最後にご紹介するのが「ディスコス・レサカ」というレーベルを主宰するサンフランシスコ・ベイエリアの音楽プロデューサー「アイヴァン・フローレンス」が、80〜90年代にバリオ(メキシコ/ラテン系アメリカ人居住区)でチカーノたちに愛されていた音楽を今に再現したという、まさに「入魂」の企画盤「イーストサイド・サンホセ」より、チカーノ・ソウルの王様 "Sunny & The Sunliners" のボーカル「サニー・オスーナ」が歌う極上のラテン・ソウル・ナンバー。
▼East Side San Jose feat. Sunny Ozuna「Sometimes」(2022)
イントロからもう溶けそう…この美しいコーラスは3人組の姉妹コーラス・グループ「マリポサス・デル・アルマ」によるもの。彼女たちが歌った「アイ・ラブ・ユー・フォー・オール・シーズンズ」のカバーは "R&Bオールディーズ×クンビア" という、ありそうで無かった斬新かつ悶絶モノの一曲なのでそちらも必聴です。
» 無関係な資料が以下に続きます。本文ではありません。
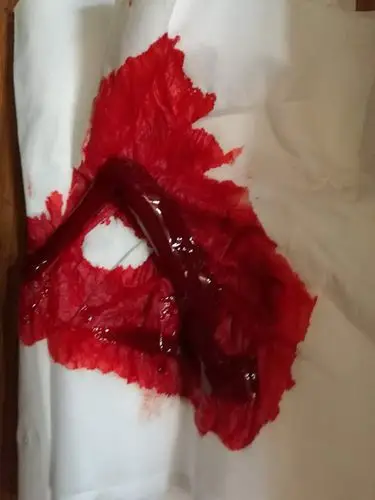 患者身上排出的血毒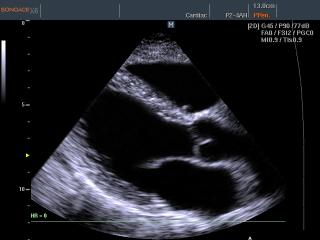 Heart (long axis of LV), B-mode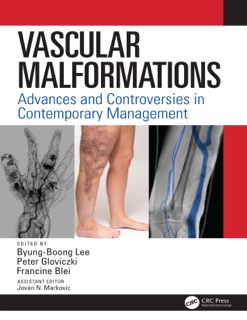 Vascular Malformations by Byung Boong Lee, Peter Gloviczki & Francine Blei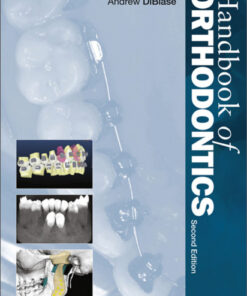Handbook of Orthodontics, 2e
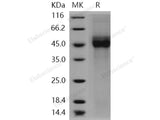 Recombinant Human CD19/Leu-12 Protein (His Tag)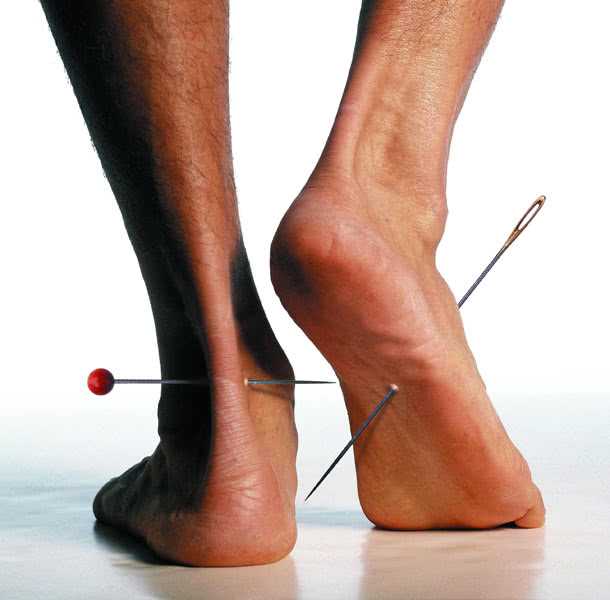 Диабетическая нейропатия ног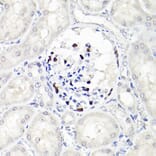 Immunohistochemistry - Anti-Wilms Tumor Protein Antibody [ARC2610] (A308215) - Antibodies.com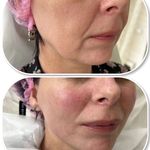 تزریق ژل و بوتاکس عبداله کوخی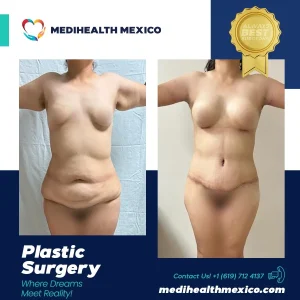 Plastic Procedure Before and After, MediHealth Mexico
長々と書いてきましたが、本当はご紹介するべき素晴らしいミュージシャンがキリがないくらいにまだまだいるんです。こういったアメリカでの一連の動きについて、書籍「CHICANO SOUL」の日本語翻訳者で、Barrio Gold Records/Music Camp, Inc.代表の宮田信さんは以下のようにおっしゃってます。
なるほど…たしかに現代版「チカーノ・ソウル」は国や人種、地域性、そして音楽スタイルの壁を超えて世界中の音楽ファンをますます魅了していっている様です。次回はその辺のことを書けたらいいなぁ。またボチボチと続きを書いていきますんで、もしご興味ありましたら引き続きよろしくお願いします!